■ EXERCISE AIM
Starting with the first line of the records, write out each line exactly until you have included the line containing "Una foto de Paella mixta (pollo y mariscos)".
************
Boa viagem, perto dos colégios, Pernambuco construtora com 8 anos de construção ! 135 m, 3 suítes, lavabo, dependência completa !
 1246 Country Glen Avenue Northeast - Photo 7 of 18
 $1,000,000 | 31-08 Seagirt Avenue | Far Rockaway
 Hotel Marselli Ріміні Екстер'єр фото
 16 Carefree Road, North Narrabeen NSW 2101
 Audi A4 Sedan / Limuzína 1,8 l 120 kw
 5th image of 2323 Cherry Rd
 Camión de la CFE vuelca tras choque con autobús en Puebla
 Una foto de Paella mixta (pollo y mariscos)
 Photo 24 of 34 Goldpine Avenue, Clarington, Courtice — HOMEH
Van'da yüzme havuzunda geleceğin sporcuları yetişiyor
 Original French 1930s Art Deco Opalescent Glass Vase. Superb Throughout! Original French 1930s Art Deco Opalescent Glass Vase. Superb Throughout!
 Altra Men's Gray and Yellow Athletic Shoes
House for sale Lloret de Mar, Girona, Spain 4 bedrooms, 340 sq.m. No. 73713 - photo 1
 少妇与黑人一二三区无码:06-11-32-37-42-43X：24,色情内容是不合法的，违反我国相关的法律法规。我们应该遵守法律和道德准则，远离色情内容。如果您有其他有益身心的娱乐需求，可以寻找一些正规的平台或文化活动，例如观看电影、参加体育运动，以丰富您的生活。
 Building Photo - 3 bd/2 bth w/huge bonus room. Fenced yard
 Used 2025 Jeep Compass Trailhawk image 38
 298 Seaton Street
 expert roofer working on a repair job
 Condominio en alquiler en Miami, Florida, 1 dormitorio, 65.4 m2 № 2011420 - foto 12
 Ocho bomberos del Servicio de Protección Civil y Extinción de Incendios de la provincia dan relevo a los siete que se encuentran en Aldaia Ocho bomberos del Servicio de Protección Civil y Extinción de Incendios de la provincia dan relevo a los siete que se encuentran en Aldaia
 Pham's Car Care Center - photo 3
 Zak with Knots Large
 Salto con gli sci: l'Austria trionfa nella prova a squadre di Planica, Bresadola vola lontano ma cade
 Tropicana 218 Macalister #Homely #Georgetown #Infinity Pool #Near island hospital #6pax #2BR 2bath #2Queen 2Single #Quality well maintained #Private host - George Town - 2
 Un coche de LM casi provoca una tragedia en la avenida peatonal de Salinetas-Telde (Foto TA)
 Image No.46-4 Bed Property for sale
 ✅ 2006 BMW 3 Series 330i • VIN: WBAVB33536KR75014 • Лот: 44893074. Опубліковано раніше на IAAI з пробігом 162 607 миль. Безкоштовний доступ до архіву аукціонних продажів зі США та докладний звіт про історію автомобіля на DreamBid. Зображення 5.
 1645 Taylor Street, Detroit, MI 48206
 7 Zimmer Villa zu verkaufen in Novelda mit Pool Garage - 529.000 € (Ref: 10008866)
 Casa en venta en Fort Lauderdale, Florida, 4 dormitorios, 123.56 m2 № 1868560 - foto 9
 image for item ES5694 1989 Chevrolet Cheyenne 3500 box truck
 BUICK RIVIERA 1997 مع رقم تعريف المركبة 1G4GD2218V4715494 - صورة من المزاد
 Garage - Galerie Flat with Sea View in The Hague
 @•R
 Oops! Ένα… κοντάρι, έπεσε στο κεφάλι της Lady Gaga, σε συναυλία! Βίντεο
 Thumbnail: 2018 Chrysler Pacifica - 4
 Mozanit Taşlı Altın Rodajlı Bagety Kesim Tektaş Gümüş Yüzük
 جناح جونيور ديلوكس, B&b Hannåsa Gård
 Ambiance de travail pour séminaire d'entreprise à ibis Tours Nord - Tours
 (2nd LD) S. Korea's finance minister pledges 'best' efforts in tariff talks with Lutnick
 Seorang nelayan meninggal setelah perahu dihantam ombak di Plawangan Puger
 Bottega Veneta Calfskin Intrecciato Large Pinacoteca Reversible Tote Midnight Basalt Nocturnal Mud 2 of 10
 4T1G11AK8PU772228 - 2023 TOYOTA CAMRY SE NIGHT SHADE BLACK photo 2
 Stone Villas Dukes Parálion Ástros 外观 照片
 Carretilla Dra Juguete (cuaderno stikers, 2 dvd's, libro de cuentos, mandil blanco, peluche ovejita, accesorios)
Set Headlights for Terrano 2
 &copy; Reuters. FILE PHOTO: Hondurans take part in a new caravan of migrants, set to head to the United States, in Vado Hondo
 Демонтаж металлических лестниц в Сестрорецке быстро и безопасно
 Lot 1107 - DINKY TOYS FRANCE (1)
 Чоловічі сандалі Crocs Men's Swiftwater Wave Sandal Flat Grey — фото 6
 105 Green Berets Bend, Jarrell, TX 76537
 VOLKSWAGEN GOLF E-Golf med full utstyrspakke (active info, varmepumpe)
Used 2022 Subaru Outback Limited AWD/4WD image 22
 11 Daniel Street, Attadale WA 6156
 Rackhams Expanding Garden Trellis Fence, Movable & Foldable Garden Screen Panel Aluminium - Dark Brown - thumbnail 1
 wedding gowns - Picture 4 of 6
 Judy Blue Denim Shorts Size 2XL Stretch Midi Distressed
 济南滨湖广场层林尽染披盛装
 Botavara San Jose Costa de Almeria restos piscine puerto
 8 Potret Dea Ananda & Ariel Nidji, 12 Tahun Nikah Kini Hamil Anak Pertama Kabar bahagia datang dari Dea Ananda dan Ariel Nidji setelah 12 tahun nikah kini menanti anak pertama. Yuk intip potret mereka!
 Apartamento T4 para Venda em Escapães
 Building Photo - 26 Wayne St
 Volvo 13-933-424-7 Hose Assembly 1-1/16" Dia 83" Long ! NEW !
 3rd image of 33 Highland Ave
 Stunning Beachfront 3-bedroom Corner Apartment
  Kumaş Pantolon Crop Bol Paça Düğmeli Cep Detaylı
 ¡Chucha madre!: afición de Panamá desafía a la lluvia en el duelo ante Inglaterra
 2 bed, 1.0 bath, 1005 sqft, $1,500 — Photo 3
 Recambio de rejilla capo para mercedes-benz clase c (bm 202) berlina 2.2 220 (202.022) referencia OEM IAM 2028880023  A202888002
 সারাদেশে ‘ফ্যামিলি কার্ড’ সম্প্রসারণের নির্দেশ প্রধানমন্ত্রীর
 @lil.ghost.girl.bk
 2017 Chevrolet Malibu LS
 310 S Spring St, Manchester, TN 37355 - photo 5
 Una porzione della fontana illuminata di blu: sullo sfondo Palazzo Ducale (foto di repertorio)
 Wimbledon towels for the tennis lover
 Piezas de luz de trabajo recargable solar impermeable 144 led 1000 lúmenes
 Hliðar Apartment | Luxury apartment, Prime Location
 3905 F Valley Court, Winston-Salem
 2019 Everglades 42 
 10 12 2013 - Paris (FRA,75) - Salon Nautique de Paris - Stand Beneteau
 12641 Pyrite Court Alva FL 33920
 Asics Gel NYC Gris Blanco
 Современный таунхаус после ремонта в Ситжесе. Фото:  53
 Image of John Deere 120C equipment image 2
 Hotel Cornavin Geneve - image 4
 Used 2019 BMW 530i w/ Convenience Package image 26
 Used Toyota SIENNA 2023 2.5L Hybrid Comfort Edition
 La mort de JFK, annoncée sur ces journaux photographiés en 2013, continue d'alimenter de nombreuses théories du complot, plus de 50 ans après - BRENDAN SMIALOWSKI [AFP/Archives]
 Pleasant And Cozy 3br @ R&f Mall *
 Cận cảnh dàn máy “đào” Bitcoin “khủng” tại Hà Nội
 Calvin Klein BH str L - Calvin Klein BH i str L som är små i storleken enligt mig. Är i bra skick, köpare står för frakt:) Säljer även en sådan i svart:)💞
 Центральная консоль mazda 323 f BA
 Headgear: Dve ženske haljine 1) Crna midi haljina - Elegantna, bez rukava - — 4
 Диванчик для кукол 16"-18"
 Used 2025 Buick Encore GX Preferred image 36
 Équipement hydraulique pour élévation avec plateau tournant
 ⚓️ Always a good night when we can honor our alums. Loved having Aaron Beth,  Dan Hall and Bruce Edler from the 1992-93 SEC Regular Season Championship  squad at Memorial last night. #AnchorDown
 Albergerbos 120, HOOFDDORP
************
■ ANSWER BELOW
Boa viagem, perto dos colégios, Pernambuco construtora com 8 anos de construção ! 135 m, 3 suítes, lavabo, dependência completa !
 1246 Country Glen Avenue Northeast - Photo 7 of 18
 $1,000,000 | 31-08 Seagirt Avenue | Far Rockaway
 Hotel Marselli Ріміні Екстер'єр фото
 16 Carefree Road, North Narrabeen NSW 2101
 Audi A4 Sedan / Limuzína 1,8 l 120 kw
 5th image of 2323 Cherry Rd
 Camión de la CFE vuelca tras choque con autobús en Puebla
 Una foto de Paella mixta (pollo y mariscos)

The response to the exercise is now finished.